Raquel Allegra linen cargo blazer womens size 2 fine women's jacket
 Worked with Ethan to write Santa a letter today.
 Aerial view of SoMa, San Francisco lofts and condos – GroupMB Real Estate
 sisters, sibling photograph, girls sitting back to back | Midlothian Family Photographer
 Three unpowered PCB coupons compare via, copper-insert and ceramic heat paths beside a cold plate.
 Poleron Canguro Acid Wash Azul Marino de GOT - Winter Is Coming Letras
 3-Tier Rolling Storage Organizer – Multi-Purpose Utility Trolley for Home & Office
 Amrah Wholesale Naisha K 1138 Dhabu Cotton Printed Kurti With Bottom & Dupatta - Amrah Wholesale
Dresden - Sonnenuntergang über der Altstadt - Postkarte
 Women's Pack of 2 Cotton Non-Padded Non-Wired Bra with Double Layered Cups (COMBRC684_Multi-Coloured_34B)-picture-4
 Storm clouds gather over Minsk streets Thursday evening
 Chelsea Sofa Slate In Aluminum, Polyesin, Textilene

* * *

Exercise directions:
Given the records above, restate word for word only the lines starting at the one with "Aerial view of" and ending at the one with "Three unpowered PCB".

Exercise solution:
 Aerial view of SoMa, San Francisco lofts and condos – GroupMB Real Estate
 sisters, sibling photograph, girls sitting back to back | Midlothian Family Photographer
 Three unpowered PCB coupons compare via, copper-insert and ceramic heat paths beside a cold plate.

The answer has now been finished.